On Sat, Mar 05, 2016 at 11:31:46AM -0700, Stephen Warren wrote:
On 03/05/2016 10:44 AM, Tom Rini wrote:
On Sat, Mar 05, 2016 at 10:30:52AM -0700, Stephen Warren wrote:
When running sandbox, the following phases occur, each with different malloc implementations or behaviors:
- Dynamic linker execution, using the dynamic linker's own malloc()
implementation. This is fully functional.
- After U-Boot's malloc symbol has been hooked into the GOT, but before
any U-Boot code has run. This phase is entirely non-functional, since U-Boot's gd symbol is NULL and U-Boot's initf_malloc() and mem_malloc_init() have not been called.
At least on Ubuntu Xenial, the dynamic linker does make both malloc() and free() calls during this phase. Currently these free() calls crash since they dereference gd, which is NULL.
U-Boot itself makes no use of malloc() during this phase.
- U-Boot execution after gd is set and initf_malloc() has been called.
This is fully functional, albeit via a very simple malloc() implementation.
- U-Boot execution after mem_malloc_init() has been called. This is fully
functional with a complete malloc() implementation.
Furthermore, if code that called malloc() during phase 1 calls free() in phase 3 or later, it is likely that heap corruption will occur, since U-Boot's malloc implementation will assume the pointer is part of its own heap, although it isn't. I have not actively observed this happening.

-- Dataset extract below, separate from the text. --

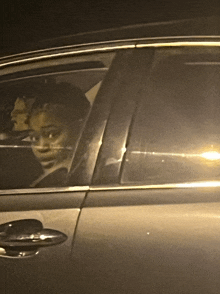 a woman is sitting in a car with her head out the window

To prevent phase 2 from happening, this patch makes all of U-Boot's malloc library public symbols have hidden visibility. This prevents them from being hooked into the GOT, so only code in the U-Boot binary itself actually calls them; any other code will call into the standard C library malloc(). This also avoids the "furthermore" issue mentioned above.
I have seen references to this GCC pragma in blog posts from 2008, and RHEL5's ancient gcc appears to accept it fine, so I believe it's quite safe to use it without checking gcc version.
Cc: Rabin Vincent rabin@rab.in Signed-off-by: Stephen Warren swarren@wwwdotorg.org
Reviewed-by: Tom Rini trini@konsulko.com
But have you tried with clang instead of gcc? I suspect it's got code to pretend to be gcc and do the right thing here but it's worth confirming.
Well, clang for sandbox doesn't compile for reasons other than these patches on either Ubuntu 14.04 or 16.04 pre-release, nor using the instructions in doc/README.clang for rpi on 16.04. However, it did work for rpi on Ubuntu 14.04.
So in summary, I think there's no issue using this pragma with clang, but I can't test that clang actually implements it and hence solves the problem these patches fix.
OK, I did a quick local check after fixing the __BIGGEST_ALIGNMENT__ problem (but not the linking problem) and see llvm 3.5 at least is OK with this, so we're good enough then, thanks!